Rom (dpa) - Dem früheren italienischen Regierungschef Silvio Berlusconi droht heute die erste rechtskräftige Verurteilung in dritter Instanz. Der Mediaset-Prozess um Steuerhinterziehung beschäftigt dann Italiens höchstes Gericht, den Kassationsgerichtshof in Rom.

Er könnte das Urteil von vier Jahren Haft und fünf Monaten Verbot für öffentliche Ämter gegen Berlusconi aus den ersten beiden Instanzen bestätigen, den Politiker endgültig freisprechen oder den Fall an ein Berufungsgericht zurückverweisen.

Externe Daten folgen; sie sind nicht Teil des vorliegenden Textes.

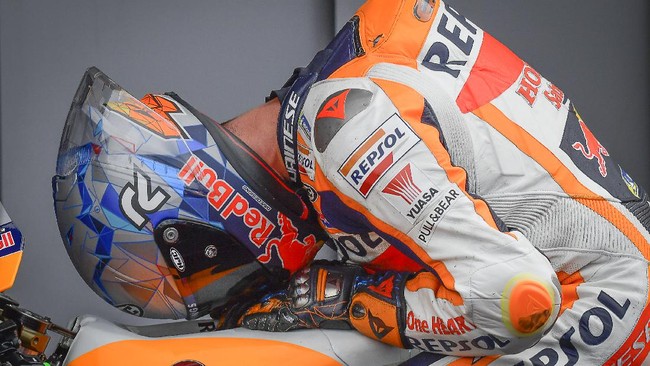 Hingga lebih dari tiga jam sesi tes MotoGP Mandalika hari ketiga berlangsung, Pol Espargaro masih menjadi pembalap tercepat.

Möglich ist aber auch, dass Berlusconis Anwälte eine Verschiebung beantragen. Bis zuletzt ließen sich der 76-jährige Medienzar und seine Anwälte nicht in die Karten schauen, ob sie das tun weden. Dann könnte ein Urteil erst im September fallen.

Für Berlusconi wird die Luft immer dünner. In mehr als einem Dutzend Prozessen musste er sich schon verantworten, wurde mehrfach verurteilt - rechtskräftig war bislang jedoch noch kein Schuldspruch. Ordnet das Gericht nun das Verbot öffentlicher Ämter für ihn an, könnte er aber seinen Sitz im Senat verlieren.

Die Folgen eines solchen Szenarios für die noch junge italienische Regierung sind nicht absehbar. Ministerpräsident Enrico Letta betonte, er habe keine Angst vor einem Urteil. "Ich bin überzeugt, dass die Situation stabiler ist, als sie dargestellt wird", sagte der Regierungschef. Berlusconi ist Leitfigur der Partei Volk der Freiheit (PdL), dem wichtigsten Koalitionspartner Lettas.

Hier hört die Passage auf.